Mendenhall Glacier, just outside of Juneau, Alaska
Michigan is beautiful. I will be the first to admit that sometimes when I drive into town all along Lake Michigan, I am blown away. The lake can be ragged pewter, eerily calm, strikingly fragile and I'm quite in awe of it. How I don't drive off the side of the road or into a tree is rather a mystery.
But we just returned from Alaska on a 7 day cruise through part, like about an inch, of the Inside Passage. I was sorely disappointed to read the weather report before embarking that the whole week would be rainy and 50 - 60 degrees. We've had a whole summer of that in Northern Michigan. Except while we were away, of course.
And guess what. It rained. Oh, not every day, but on glacier day it rained and it was freezing cold. And the lack of color was misty and mystical and had a depth of soul that isn't apparent in the bright neon of Caribbean color. Not that it was better. It was different. And just as inspiring.
If I could capture this color in glass, I would be quite impressed with myself. And I will brag about it. This glacier ice, part of Dawes Glacier way up the Endicott Arm, is like looking into a beautiful, airy, airless abyss. Ice and glass have much the same look. I'm going to play with blues and clear and texture. Along with the ivory that inspired me and walrus bone that was used by some jewelers whose work I admired.

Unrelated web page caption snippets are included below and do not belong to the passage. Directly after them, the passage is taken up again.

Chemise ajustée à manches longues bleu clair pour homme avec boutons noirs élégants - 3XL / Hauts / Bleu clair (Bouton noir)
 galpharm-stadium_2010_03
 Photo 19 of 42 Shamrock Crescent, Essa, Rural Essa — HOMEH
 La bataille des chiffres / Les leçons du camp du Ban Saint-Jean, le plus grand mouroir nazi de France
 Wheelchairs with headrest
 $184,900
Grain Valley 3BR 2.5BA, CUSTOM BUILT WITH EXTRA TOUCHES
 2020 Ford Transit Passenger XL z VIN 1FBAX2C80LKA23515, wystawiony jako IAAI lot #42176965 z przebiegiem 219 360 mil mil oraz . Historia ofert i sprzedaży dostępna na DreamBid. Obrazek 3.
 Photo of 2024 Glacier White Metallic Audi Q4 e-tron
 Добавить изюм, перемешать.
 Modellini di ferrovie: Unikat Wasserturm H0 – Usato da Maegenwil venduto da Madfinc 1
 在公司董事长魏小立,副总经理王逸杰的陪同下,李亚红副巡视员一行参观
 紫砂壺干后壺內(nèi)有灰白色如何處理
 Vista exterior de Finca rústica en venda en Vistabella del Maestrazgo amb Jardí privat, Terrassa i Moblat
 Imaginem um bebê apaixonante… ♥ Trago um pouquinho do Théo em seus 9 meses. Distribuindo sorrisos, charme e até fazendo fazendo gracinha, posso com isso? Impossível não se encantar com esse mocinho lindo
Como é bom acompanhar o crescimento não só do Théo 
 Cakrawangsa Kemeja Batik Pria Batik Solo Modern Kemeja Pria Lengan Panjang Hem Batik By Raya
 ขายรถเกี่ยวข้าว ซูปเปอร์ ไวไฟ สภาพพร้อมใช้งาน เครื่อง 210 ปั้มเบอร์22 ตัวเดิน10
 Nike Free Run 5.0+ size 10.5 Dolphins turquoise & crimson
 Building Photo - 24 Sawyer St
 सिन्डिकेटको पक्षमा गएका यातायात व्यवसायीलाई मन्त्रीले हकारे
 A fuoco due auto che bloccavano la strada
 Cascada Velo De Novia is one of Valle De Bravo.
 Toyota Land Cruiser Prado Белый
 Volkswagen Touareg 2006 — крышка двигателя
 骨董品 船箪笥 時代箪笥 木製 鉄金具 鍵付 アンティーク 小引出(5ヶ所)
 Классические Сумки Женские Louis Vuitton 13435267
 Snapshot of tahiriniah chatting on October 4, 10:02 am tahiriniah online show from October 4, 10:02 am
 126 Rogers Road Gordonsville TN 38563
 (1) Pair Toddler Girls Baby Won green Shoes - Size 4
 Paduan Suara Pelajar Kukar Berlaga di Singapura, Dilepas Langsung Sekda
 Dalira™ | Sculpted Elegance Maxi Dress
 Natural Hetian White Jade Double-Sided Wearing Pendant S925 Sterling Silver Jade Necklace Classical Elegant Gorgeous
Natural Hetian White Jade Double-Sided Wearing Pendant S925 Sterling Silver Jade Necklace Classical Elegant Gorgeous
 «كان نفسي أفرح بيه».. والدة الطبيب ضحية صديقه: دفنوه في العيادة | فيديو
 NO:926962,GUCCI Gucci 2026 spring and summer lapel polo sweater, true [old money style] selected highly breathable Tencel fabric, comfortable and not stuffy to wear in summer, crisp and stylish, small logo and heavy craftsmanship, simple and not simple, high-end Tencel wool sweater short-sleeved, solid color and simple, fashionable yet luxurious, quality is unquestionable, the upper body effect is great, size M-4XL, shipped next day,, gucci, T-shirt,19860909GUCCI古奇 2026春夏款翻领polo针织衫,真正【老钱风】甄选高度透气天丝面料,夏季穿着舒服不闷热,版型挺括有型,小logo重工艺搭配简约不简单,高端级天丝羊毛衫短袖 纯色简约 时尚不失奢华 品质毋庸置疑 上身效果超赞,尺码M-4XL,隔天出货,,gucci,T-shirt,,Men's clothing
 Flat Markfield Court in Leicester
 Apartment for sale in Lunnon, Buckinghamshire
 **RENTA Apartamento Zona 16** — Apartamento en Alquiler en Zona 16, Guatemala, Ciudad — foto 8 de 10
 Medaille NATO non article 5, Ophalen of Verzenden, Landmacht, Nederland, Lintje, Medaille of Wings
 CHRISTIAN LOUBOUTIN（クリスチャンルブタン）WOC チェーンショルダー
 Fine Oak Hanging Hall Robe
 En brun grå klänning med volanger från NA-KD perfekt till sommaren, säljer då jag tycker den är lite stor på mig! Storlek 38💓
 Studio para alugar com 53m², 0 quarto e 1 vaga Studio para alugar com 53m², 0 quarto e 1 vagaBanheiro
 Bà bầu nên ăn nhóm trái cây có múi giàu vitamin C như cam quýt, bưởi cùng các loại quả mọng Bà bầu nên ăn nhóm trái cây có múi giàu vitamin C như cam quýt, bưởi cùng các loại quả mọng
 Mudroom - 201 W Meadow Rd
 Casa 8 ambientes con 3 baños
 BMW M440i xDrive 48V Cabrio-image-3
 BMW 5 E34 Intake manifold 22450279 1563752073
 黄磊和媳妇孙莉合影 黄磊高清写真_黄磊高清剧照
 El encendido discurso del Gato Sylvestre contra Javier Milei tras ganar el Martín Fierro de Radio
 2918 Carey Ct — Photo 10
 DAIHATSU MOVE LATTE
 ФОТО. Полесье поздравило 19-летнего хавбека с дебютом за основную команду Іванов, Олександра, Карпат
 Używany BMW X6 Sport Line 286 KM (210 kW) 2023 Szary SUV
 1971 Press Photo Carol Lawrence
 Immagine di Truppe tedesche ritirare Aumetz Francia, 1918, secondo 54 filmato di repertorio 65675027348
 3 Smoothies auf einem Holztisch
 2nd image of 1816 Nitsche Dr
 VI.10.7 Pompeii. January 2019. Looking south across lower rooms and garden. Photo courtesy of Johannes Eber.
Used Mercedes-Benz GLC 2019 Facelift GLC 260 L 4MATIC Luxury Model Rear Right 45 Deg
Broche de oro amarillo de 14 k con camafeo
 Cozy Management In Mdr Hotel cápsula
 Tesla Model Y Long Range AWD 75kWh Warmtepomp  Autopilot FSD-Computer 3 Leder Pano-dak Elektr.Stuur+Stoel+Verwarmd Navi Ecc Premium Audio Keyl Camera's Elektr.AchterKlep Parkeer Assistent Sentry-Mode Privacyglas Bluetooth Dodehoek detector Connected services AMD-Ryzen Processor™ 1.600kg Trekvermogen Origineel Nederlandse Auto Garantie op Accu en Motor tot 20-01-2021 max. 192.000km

But I wrestle with being inspired by Alaska versus being inspired by Michigan. Living in a tourist town I know, especially after being a tourist for 10 days, the importance of finding the exact souvenir that will remind me forever of this trip. I'd like to provide that for someone else...does that mean Petoskey stones mixed with glass? Or glass that represents Petoskey stones, the state stone of Michigan? Or does it matter?